Top of INPUT

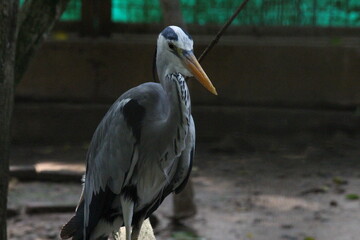 great white pelican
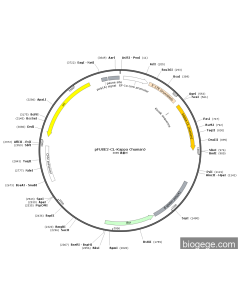 pFUSE2-CL-Kappa(human) PL39359 MiaoLingBio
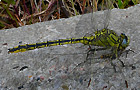Gomphus pulchellus
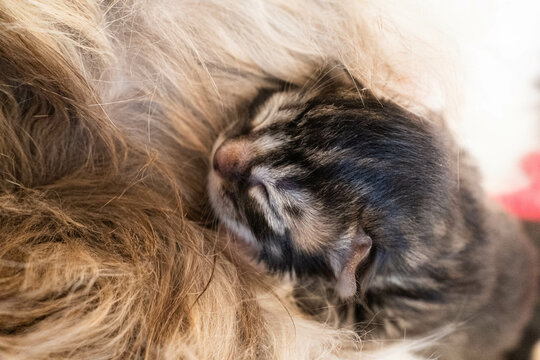 Cute animal friends: Peaceful sleep outdoors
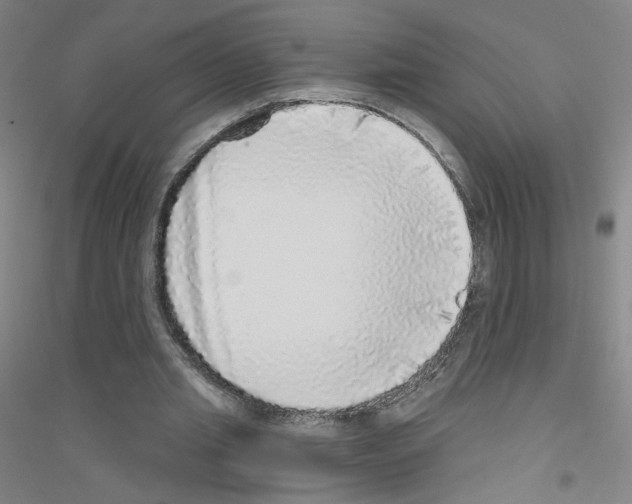 X0000116790437201001291522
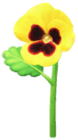Pansé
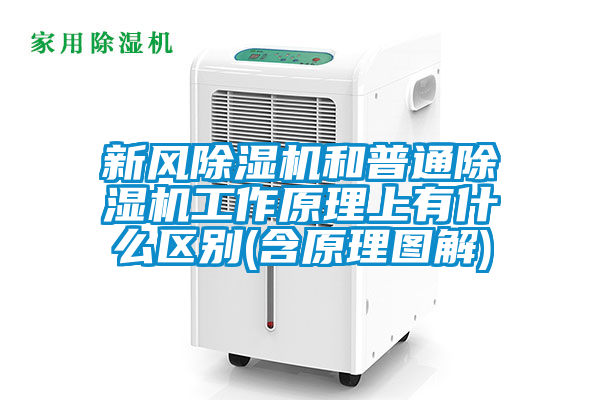 新风粉色视频免费在线观看和普通粉色视频免费在线观看工作原理上有什么区别(含原理图解)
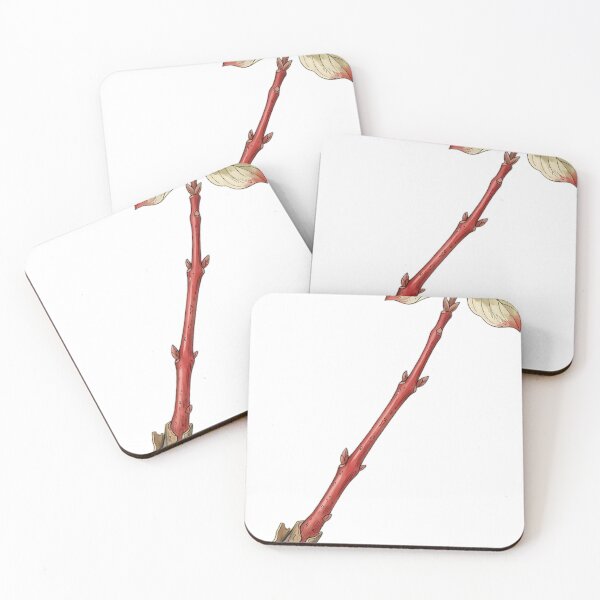 Item preview, Vintage Naturalist Dogwood Twig - Antique Winter Botanical Plate designed and sold by Catch333.
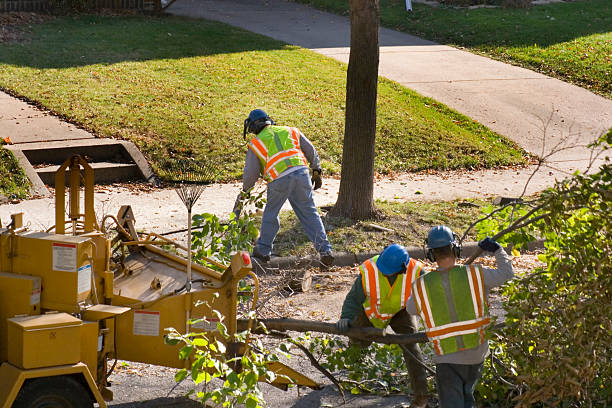 How Our Tree Care Process Works  in  West End Cobb Town, AL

Bottom of INPUT

> TASK INSTRUCTIONS:
Every line from the top of the material above through the line with "Item preview, Vintage" should be duplicated exactly, please; leave out the pictures.

> OUTPUT FOR THIS EXERCISE:
 great white pelican
 pFUSE2-CL-Kappa(human) PL39359 MiaoLingBio
Gomphus pulchellus
 Cute animal friends: Peaceful sleep outdoors
 X0000116790437201001291522
Pansé
 新风粉色视频免费在线观看和普通粉色视频免费在线观看工作原理上有什么区别(含原理图解)
 Item preview, Vintage Naturalist Dogwood Twig - Antique Winter Botanical Plate designed and sold by Catch333.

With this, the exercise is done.